37.BÖLÜM
Caroline elini tutan iki çocuğu sakinleştirmeye çalışıyordu. Sarayın koridorlarında hızla ilerlerken, ne olup bittiğine anlam veremiyordu. En son Margaret’in ‘İçmeyin, zehirli!’dediği bardağı elinden aldığını hatırlıyordu. Onun dışında kafası karma karışıktı.
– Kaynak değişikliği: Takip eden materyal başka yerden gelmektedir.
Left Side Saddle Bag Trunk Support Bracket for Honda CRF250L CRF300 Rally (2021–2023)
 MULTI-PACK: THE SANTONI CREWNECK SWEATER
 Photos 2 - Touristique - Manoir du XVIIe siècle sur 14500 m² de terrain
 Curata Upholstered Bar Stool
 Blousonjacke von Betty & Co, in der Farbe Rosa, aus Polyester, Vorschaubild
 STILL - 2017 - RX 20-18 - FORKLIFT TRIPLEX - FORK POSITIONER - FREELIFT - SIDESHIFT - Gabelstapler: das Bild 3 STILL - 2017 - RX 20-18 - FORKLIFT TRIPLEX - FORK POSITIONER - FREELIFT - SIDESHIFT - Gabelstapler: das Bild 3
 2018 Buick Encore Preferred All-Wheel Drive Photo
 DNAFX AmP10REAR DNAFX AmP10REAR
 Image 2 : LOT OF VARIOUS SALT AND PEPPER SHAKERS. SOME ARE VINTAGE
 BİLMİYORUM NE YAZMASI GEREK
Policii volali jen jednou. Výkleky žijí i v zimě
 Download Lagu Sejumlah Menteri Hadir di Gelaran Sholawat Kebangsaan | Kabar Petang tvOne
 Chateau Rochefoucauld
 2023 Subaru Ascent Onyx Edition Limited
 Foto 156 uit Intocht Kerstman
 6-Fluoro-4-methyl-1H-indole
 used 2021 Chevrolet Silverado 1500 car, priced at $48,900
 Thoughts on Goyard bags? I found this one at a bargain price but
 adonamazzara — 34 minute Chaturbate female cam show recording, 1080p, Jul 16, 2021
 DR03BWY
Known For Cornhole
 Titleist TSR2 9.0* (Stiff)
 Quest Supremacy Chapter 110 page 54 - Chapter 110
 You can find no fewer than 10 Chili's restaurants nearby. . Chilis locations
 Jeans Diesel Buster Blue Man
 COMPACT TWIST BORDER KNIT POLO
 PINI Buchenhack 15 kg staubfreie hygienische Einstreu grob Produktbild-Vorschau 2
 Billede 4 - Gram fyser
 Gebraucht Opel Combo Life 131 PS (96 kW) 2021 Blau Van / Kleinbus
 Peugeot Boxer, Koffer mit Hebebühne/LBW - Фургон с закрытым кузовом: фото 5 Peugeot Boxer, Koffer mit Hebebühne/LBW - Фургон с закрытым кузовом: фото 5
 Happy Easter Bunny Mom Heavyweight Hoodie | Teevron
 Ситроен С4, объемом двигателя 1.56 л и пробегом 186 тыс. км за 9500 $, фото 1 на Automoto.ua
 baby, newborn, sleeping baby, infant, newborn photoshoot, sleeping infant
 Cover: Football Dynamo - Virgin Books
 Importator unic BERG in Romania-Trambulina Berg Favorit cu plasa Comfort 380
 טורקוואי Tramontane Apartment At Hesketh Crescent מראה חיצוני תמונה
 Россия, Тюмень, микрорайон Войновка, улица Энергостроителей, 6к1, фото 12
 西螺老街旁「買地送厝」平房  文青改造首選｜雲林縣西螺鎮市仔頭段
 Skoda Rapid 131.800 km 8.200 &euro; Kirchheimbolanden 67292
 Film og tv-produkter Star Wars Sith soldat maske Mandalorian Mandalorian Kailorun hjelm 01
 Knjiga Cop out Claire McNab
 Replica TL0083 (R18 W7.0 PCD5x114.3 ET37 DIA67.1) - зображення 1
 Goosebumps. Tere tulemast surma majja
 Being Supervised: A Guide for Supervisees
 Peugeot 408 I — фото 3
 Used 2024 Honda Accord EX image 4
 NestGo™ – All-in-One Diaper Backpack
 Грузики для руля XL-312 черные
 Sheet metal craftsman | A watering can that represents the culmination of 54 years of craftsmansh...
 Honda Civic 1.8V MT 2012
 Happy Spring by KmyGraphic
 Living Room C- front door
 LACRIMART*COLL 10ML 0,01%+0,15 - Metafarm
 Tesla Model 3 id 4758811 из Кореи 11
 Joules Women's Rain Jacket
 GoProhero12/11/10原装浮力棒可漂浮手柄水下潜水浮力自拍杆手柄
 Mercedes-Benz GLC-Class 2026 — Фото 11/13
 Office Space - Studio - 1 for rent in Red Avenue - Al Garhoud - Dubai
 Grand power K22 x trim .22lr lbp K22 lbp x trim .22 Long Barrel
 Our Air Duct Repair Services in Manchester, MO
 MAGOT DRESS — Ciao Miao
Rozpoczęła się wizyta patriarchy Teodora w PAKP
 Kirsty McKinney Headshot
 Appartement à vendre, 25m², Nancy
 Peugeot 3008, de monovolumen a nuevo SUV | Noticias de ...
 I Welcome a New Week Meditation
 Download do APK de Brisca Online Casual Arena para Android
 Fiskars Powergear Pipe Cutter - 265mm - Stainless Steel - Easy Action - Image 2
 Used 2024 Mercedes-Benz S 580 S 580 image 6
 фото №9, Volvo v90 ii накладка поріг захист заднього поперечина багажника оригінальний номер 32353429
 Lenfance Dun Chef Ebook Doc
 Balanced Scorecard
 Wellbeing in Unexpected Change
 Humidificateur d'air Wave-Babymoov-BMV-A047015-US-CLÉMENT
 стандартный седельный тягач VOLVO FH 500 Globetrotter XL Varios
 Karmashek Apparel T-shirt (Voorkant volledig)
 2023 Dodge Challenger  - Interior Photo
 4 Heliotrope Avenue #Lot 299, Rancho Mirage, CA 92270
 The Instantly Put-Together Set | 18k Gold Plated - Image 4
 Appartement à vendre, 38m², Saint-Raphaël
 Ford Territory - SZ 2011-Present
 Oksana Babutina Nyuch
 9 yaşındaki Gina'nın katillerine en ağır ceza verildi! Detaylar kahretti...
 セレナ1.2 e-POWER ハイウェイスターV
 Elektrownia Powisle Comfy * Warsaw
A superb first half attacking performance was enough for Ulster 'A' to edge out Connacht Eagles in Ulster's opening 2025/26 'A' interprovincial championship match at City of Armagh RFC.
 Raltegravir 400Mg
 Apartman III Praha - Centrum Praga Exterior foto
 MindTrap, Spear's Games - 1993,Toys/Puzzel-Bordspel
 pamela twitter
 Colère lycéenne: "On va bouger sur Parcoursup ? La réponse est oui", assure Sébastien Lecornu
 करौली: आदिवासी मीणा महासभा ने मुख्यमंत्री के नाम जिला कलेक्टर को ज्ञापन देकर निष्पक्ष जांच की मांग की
Çevrelerine tonlarca insan doluşmuş, onları saraydan içeriye sokmuşlardı. Caroline içeceğinden bir yudum dahi içmediğine memnundu. Umarım kimse içmemiştir diye düşündü ama içinden bunun doğru olduğuna inanmıyordu. O kalabalıktan kim olduğunu fark edememişti ama birinin yere yığıldığını görmüştü.
Annesi hemen onun yanında belirip, çocuklara sahip çıkmasını emretmişti. İşte o an Caroline etrafta o, çocuklardan ve muhafızlardan başka kimse kalmadığını fark etmişti. Bran sessizliği ilk bozan çocuktu. ‘Hala neler oluyor? Korkuyorum.’ Caroline onu göğsüne bastırıp, korkmamasını fısıldarken kendisini çok kötü hissetmişti. Charles ise sadece elini tutan yengesine ve onun adımlarına uyum sağlamıştı.
‘Caroline neler oluyor?’ bu ses kocasına aitti. Niklaus, olayı duyduğu anda, odasından fırlamış ve karısını aramaya çıkmıştı. Onu kraliyet ailesinin odalarının önünde iki çocukla bulmuştu.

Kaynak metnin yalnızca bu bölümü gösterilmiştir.